● **EXTRACTED RECORDS**:
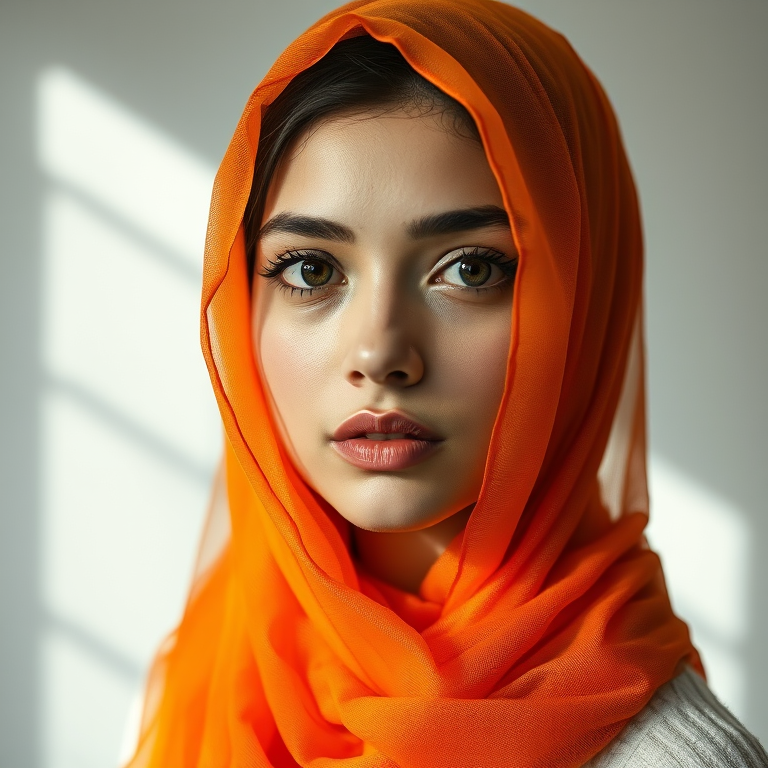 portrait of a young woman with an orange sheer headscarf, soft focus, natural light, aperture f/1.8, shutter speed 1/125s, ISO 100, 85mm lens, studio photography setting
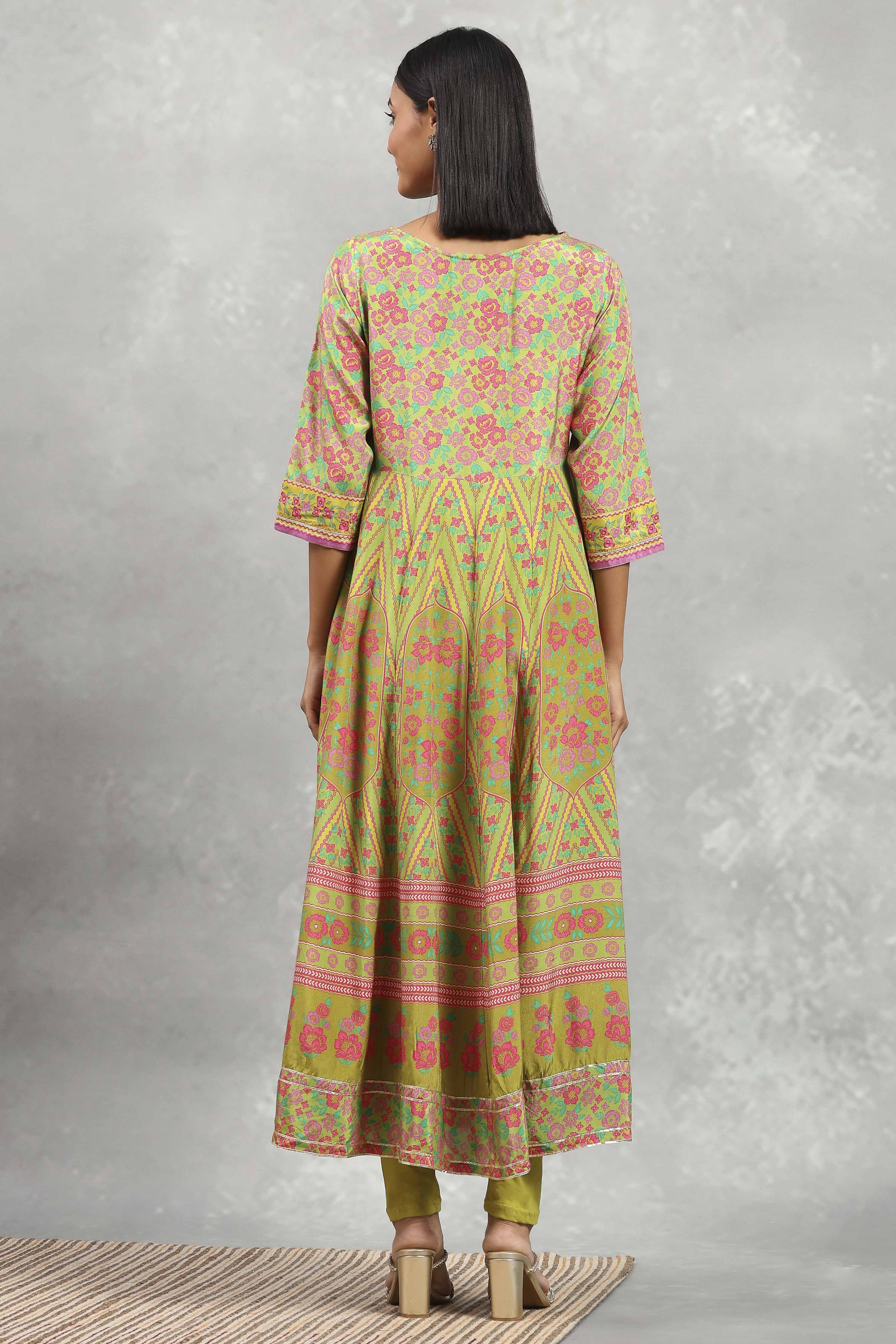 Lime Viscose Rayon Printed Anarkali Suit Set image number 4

---

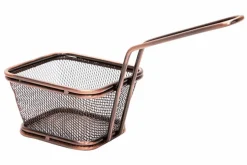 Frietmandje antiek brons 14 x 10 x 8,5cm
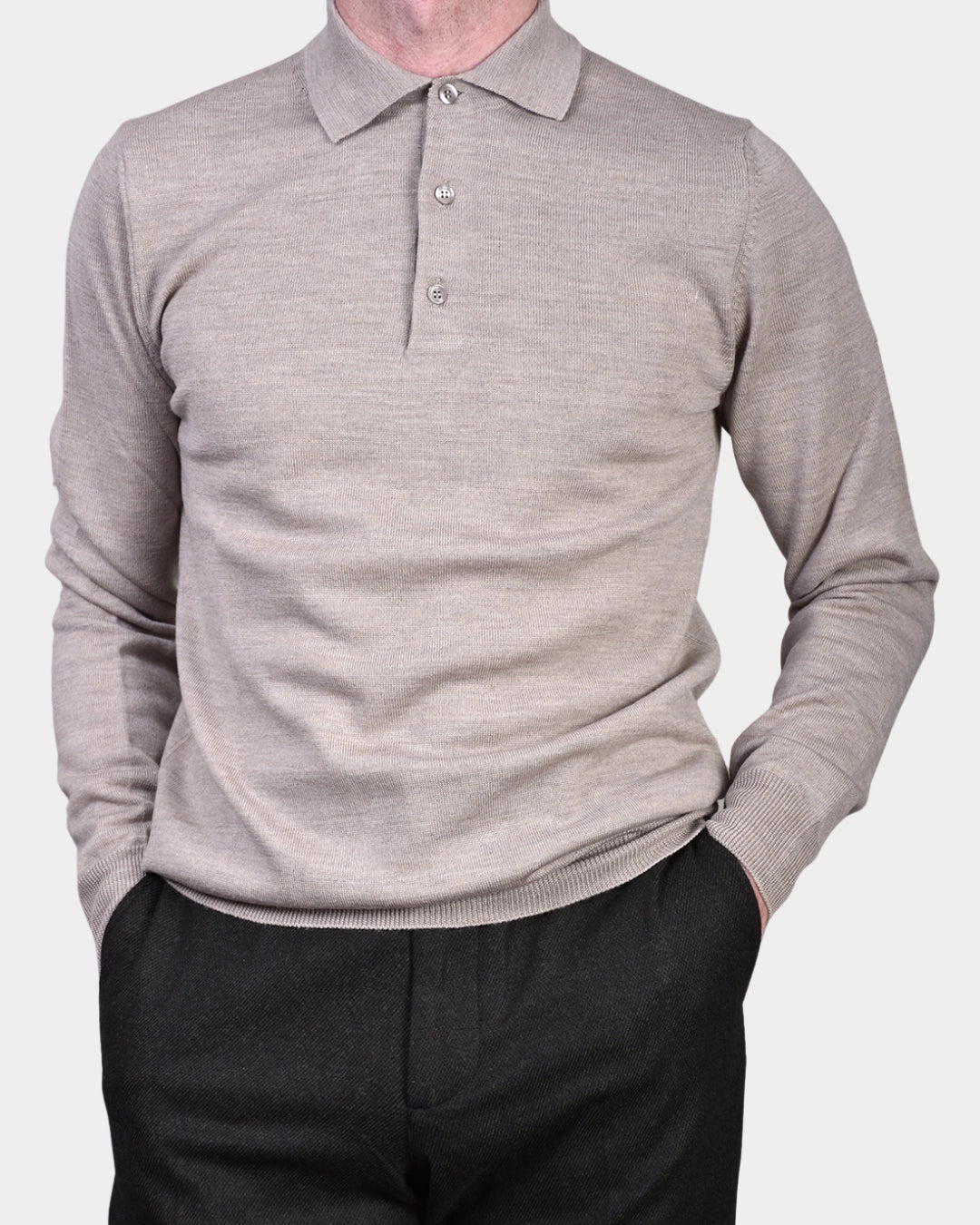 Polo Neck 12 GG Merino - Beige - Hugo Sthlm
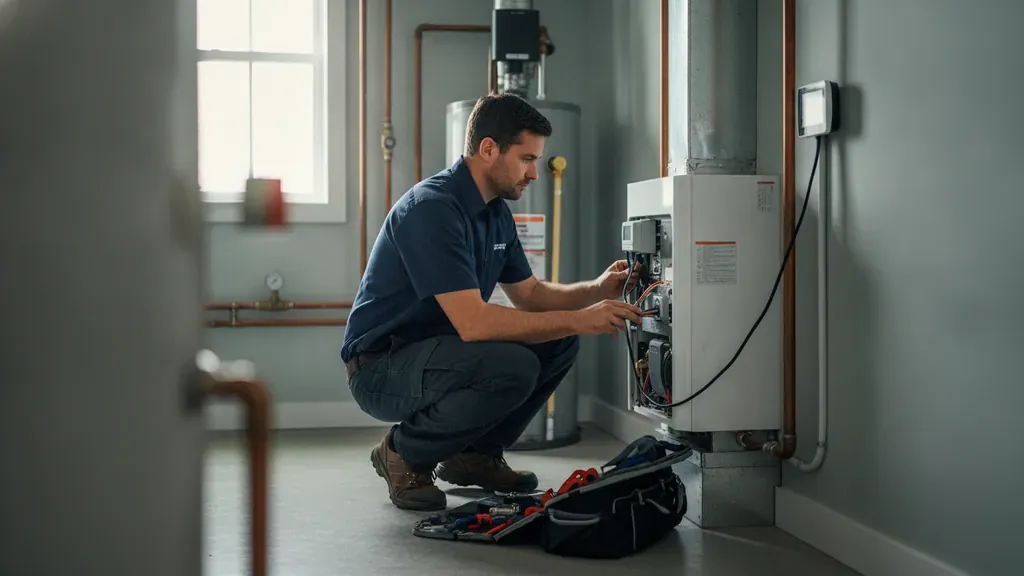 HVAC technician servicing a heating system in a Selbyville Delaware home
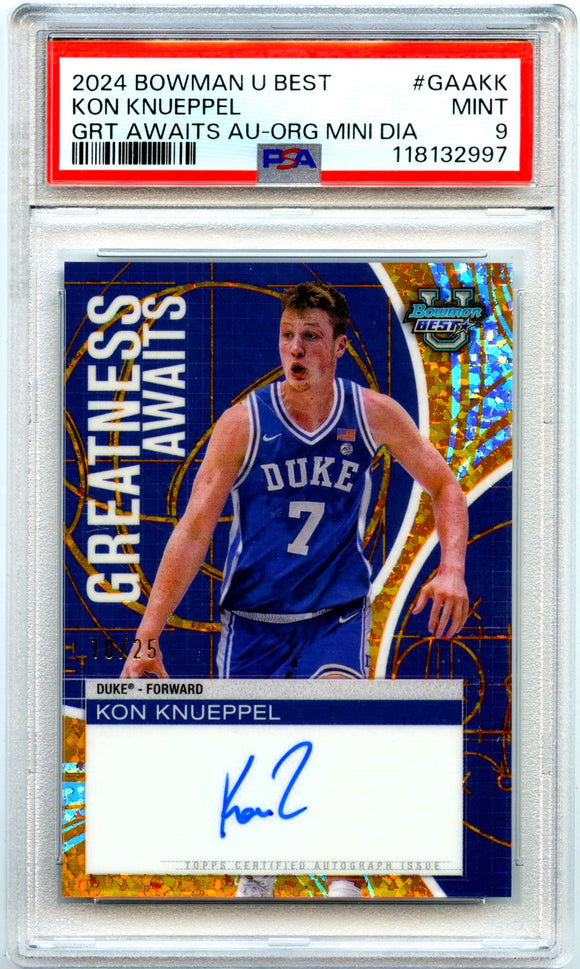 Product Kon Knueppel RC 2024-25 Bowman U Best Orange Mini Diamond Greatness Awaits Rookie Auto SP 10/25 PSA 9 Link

● **TASK DESCRIPTION**: Transcribe, from the material above, the stretch starting at the line with "Frietmandje antiek brons 14 x 10 x 8,5cm" and ending at the line with "Product Kon Knueppel", both included, exactly. Do not carry over pictures.

● **TASK ANSWER**:
 Frietmandje antiek brons 14 x 10 x 8,5cm
 Polo Neck 12 GG Merino - Beige - Hugo Sthlm
 HVAC technician servicing a heating system in a Selbyville Delaware home
 Product Kon Knueppel RC 2024-25 Bowman U Best Orange Mini Diamond Greatness Awaits Rookie Auto SP 10/25 PSA 9 Link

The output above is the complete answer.